Even with that somewhat surprising statistic in mind, Rossell said the improvement of the U.S. economy has much to do with income growth among the Chinese. "There are a lot of people that live there," she said. "And when they get rich, what do they want? They want our stuff. Our economy is being driven by the wealth of the rest of the world. That's a very different recovery than we have ever seen."

While income, or "wealth," has been growing in other parts of the world, Americans responded to the economic downturn by cutting their spending. "When Americans cut their spending, they cut labor-intensive services," Rossell pointed out. Americans cut everything from eating out to pedicures from their personal budgets. "In an effort to fix their personal balance sheet, they cut," she said. "What did they cut? They can cook their own dinners. They can wash their own cars, they can do their own laundry. They cut labor-intensive services. That's why the export-driven recovery has not created jobs."
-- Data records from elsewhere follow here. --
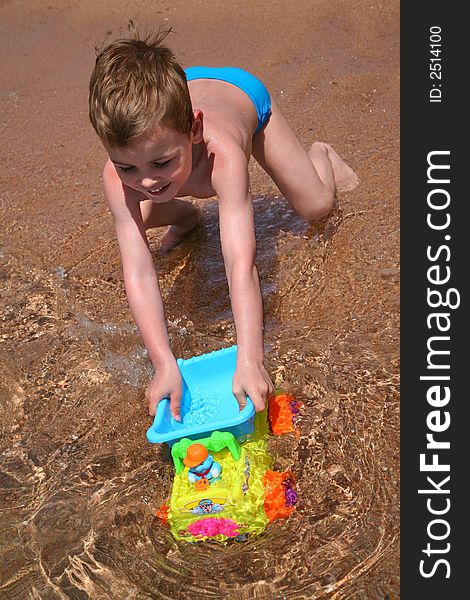 Playing boy on the beach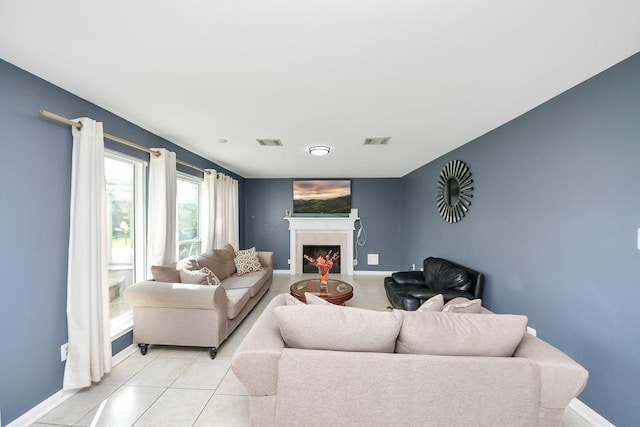 14907 Leila Oaks Cir, Houston, TX 77082 - living area featuring a fireplace and light tile patterned flooring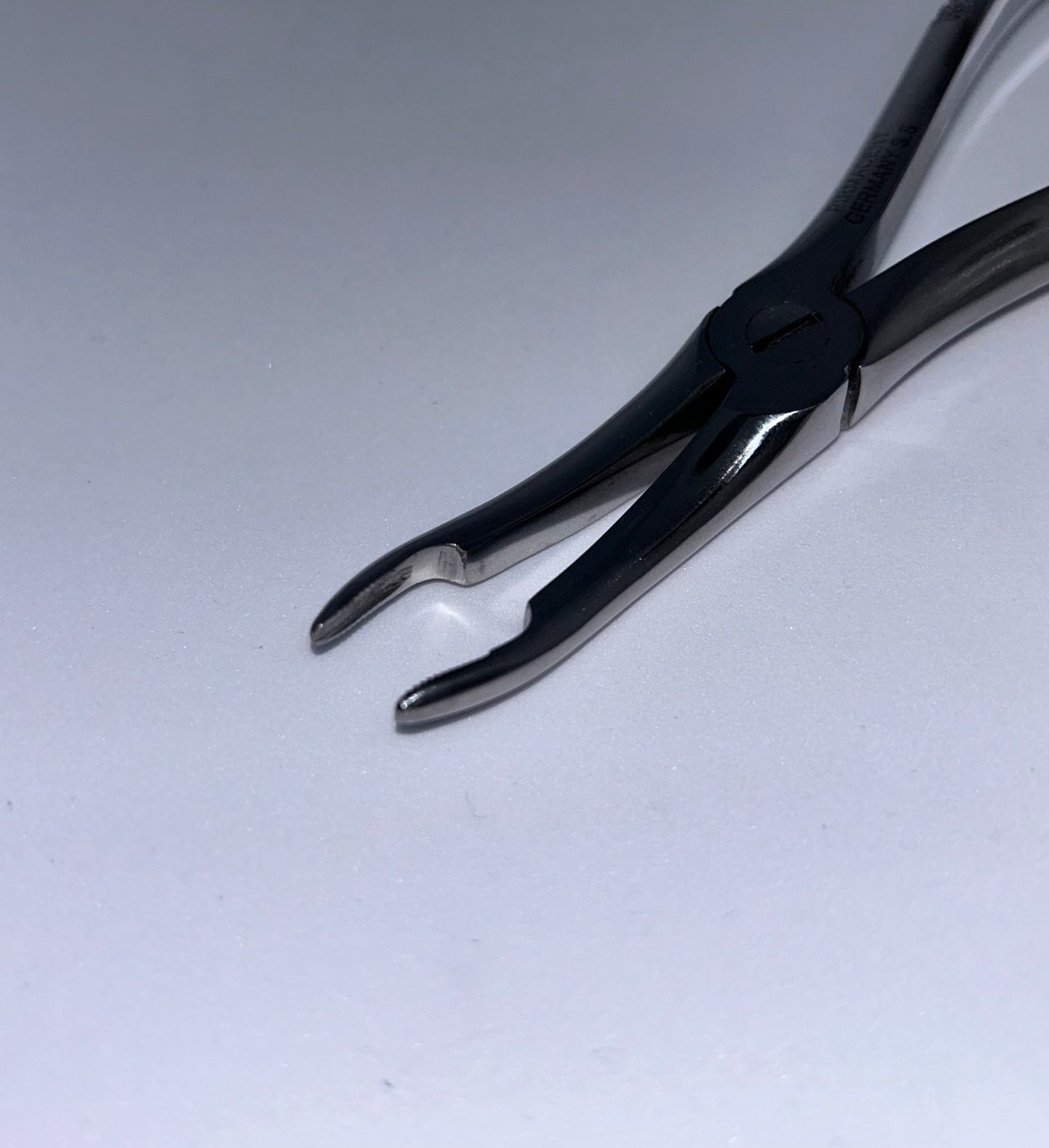 upper root forceps curved
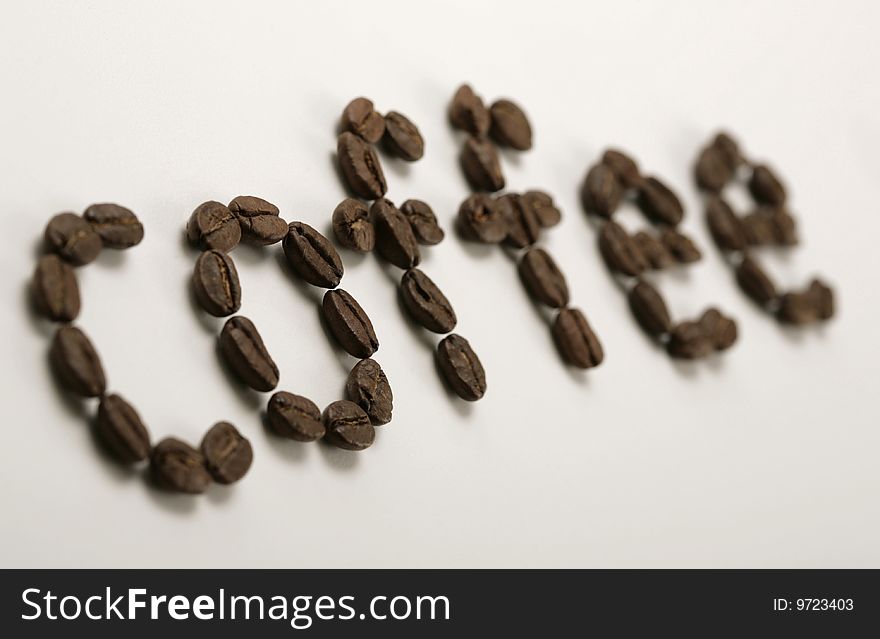 The word coffee written with coffee beans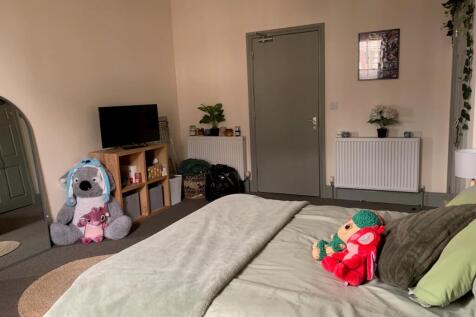 A bright and inviting double bedroom with ample...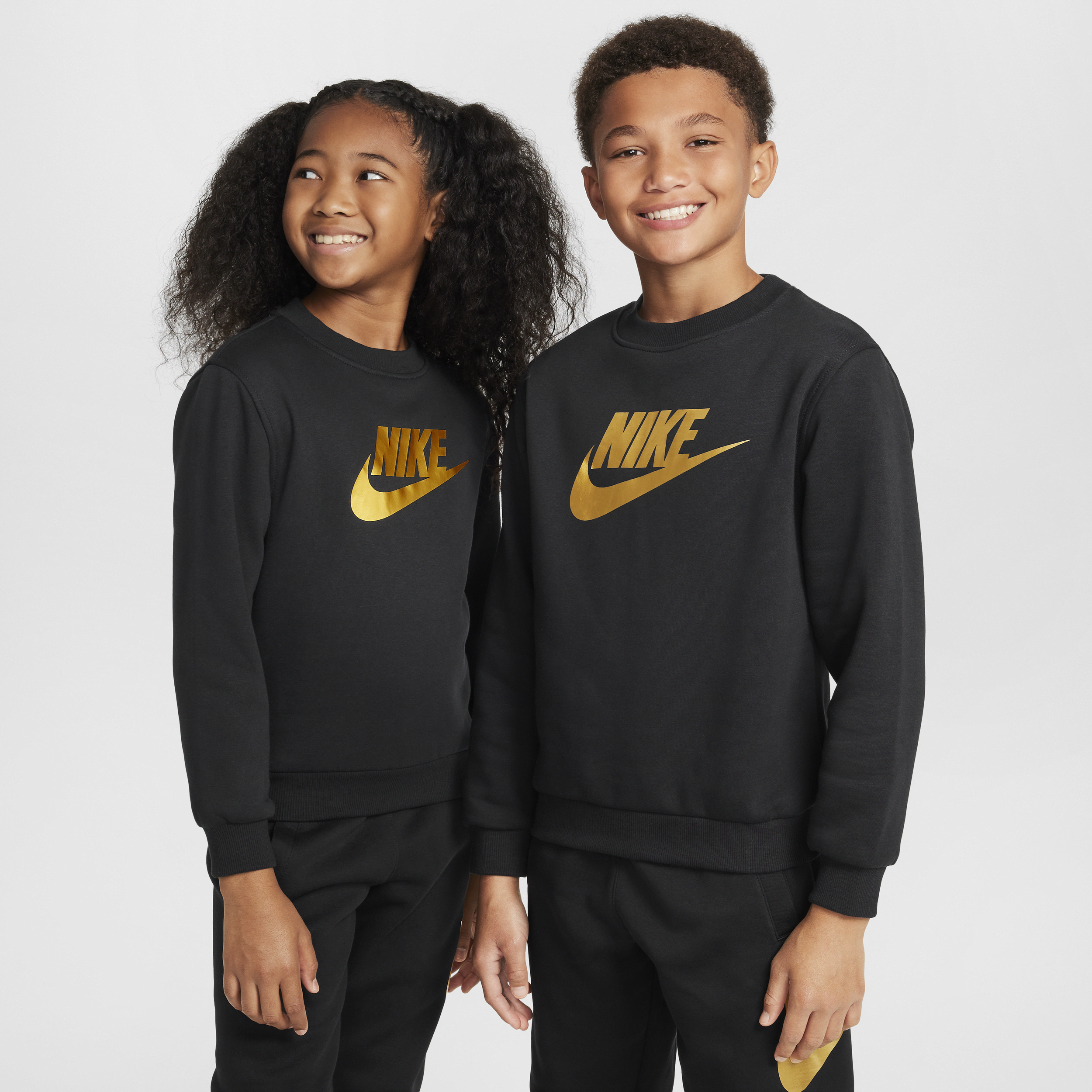 Nike Sportswear Club Fleece Big Kids' Crew-Neck Sweatshirt in Black | HQ0975-010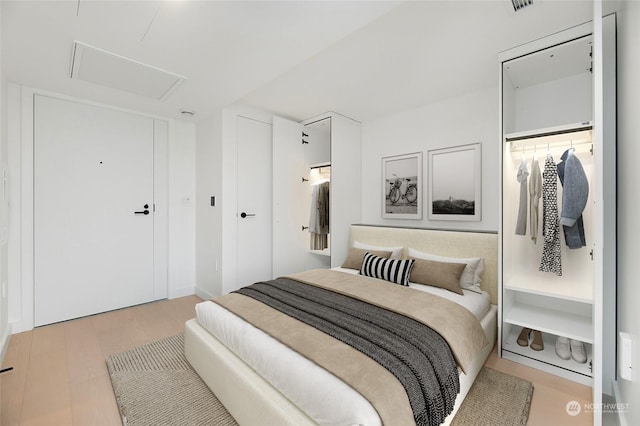 bedroom featuring light hardwood / wood-style floors and a closet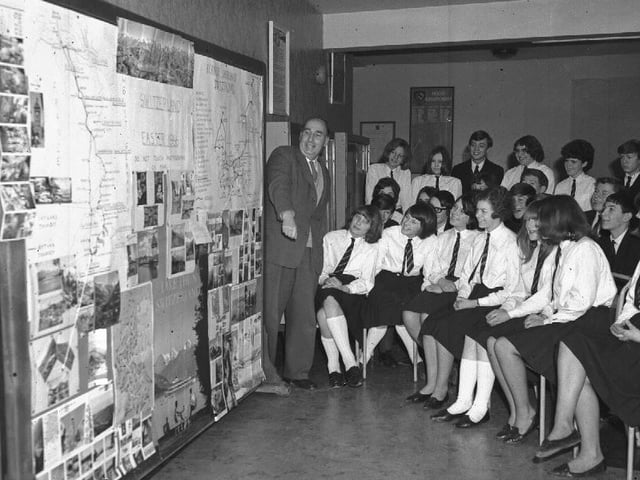 School pupils with map and pictures of Switzerland. Sign on map says Switzerland Easter 1966 and Bernese Oberland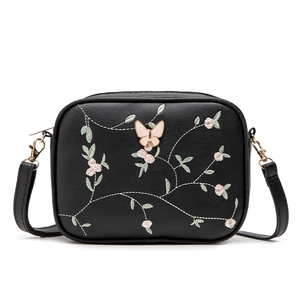 Black camera crossbody bag featuring floral embroidery and a 3D butterfly clasp detail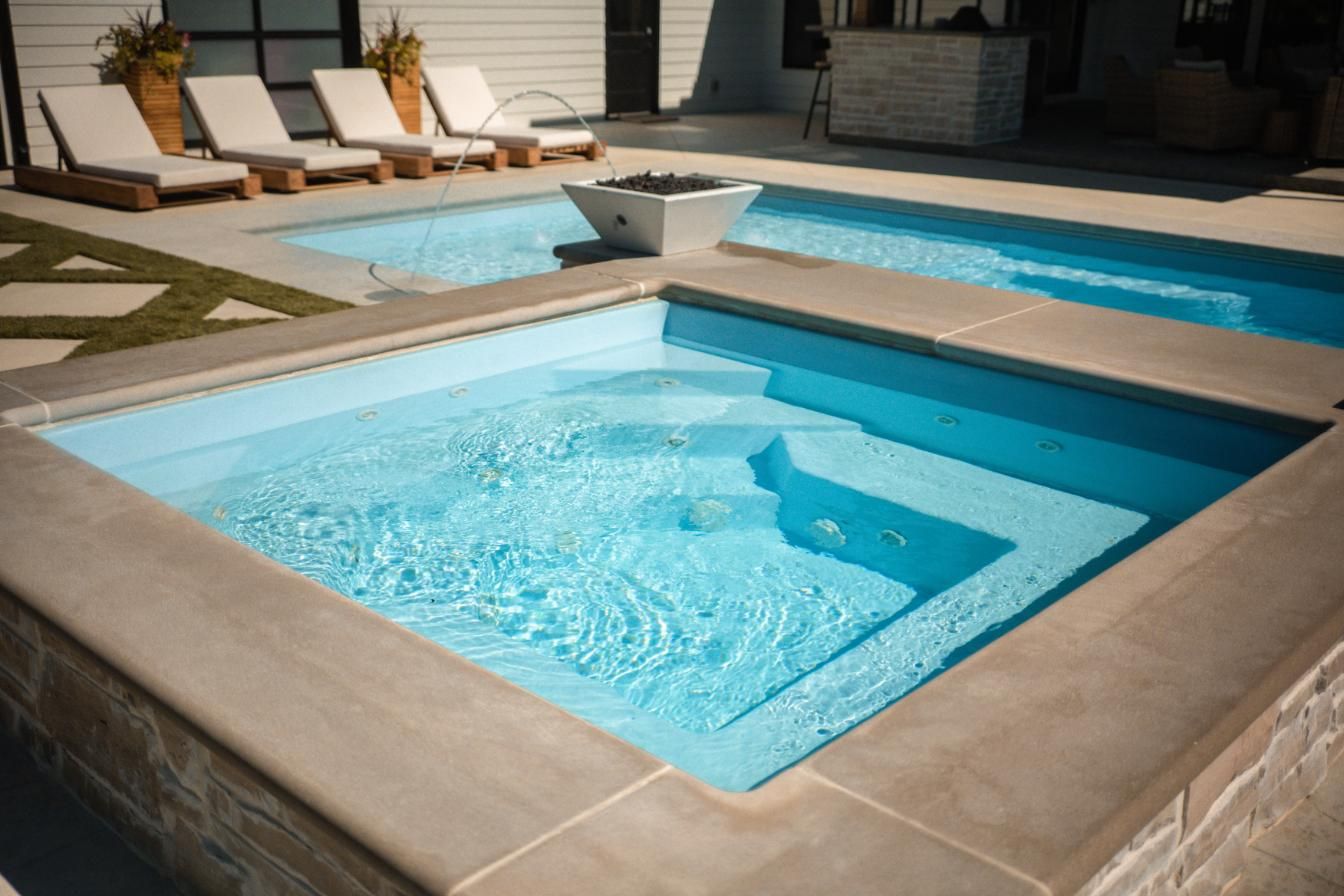 There are three swimming pools in the backyard of a house.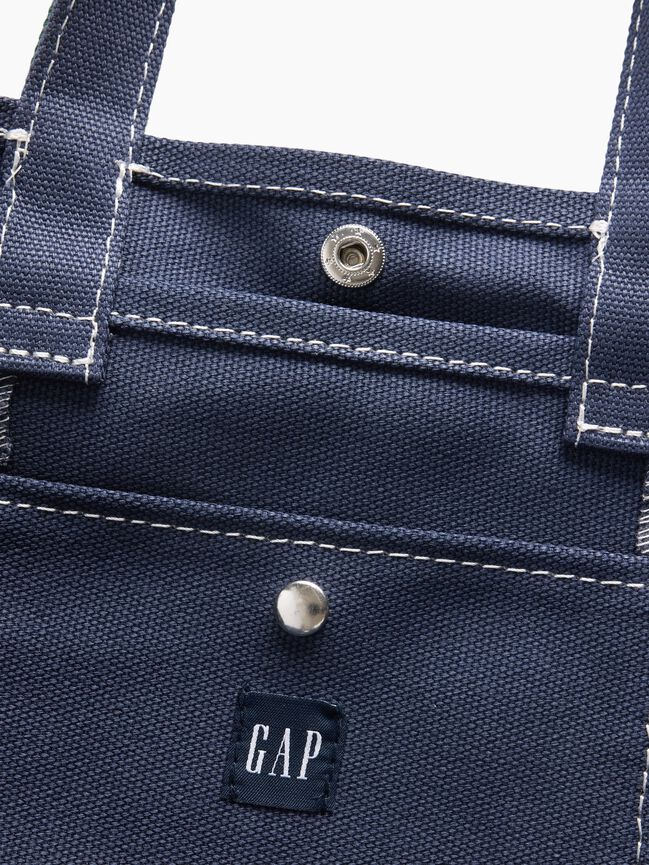 حقيبة يد صغيرة من قماش الكانفاس للأطفال بشعار Gap حقيبة يد صغيرة من قماش الكانفاس للأطفال بشعار gap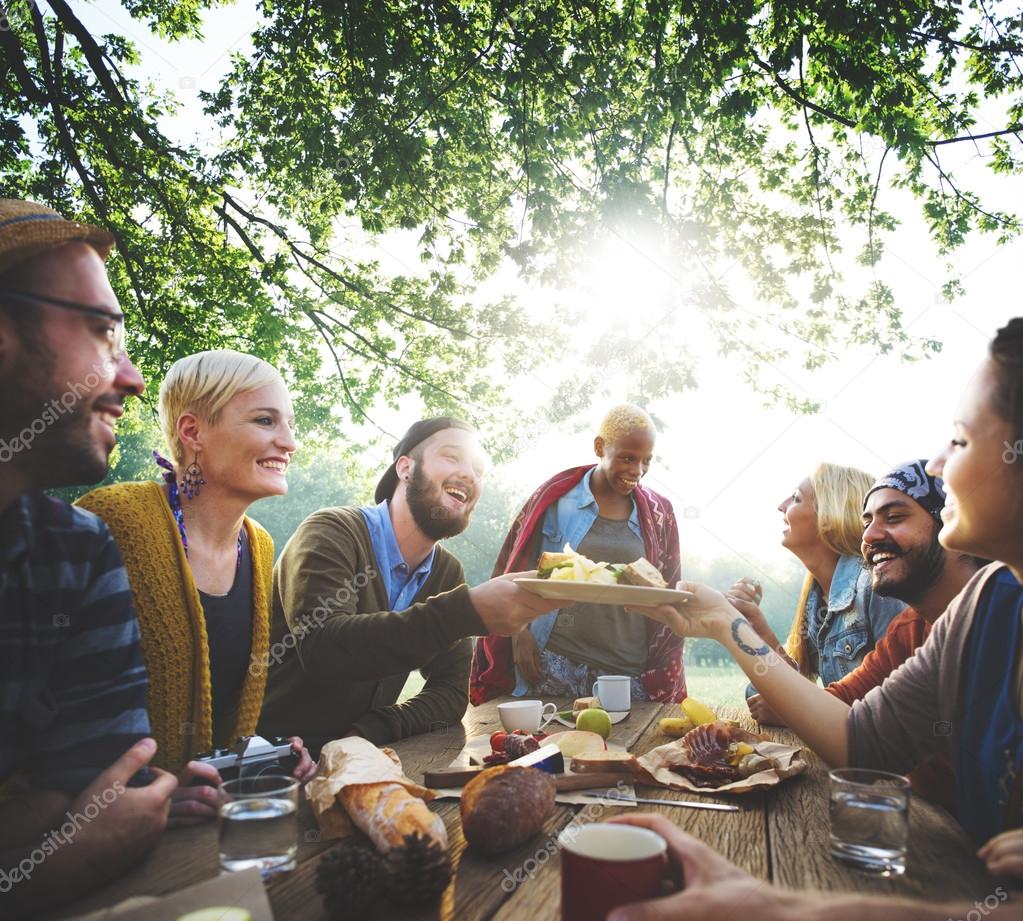 friends hanging out at outdoors party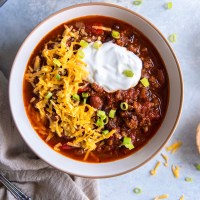 Instant pot chili in a bowl topped with sour cream, cheddar cheese and green onions.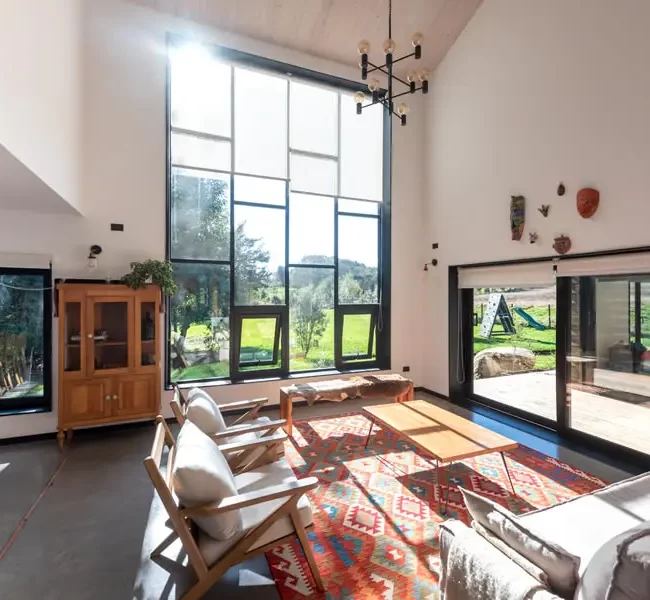 Salón con grandes ventanales (TVH) que aseguran confort térmico y eficiencia. Interior cálido con diseño funcional.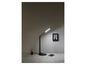 Une lampe de bureau noire sur un bureau avec un carnet et un stylo.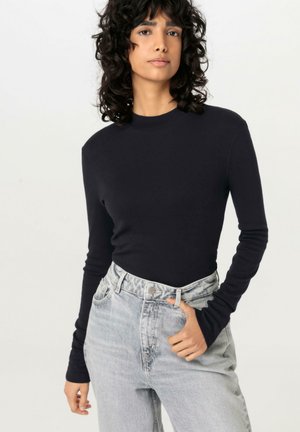 Langarm, getailleerd shirt in effen marineblauw, gemaakt van zachte stof. Draag het met hoog-getailleerde, lichtgewassen jeans met een klassiek vijf-pocket ontwerp.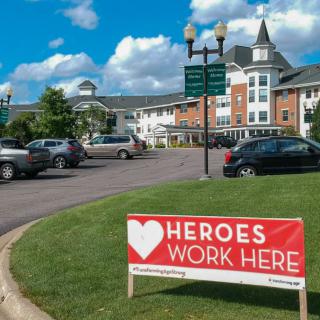 A sign reading 'Heroes Work Here' stands in front of a large building with parked cars in a lot under a partly cloudy sky.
The dynamic of the recovery, though, will begin to shift this year. "This will be the year American consumers start to feel like they are in a recovery," she declared. Based on projections for key stock market indexes, all of which are hovering near all-time highs, Rossell anticipates the news will be improving even more for corporate America and that will help boost consumer sentiment and outlook. "If you have continued to invest in things like 401Ks, if you have been doing the right things, your portfolio looks better than it did before the downturn," she said. "The recovery in the stock market is what will help people feel the recovery that they have not yet sensed."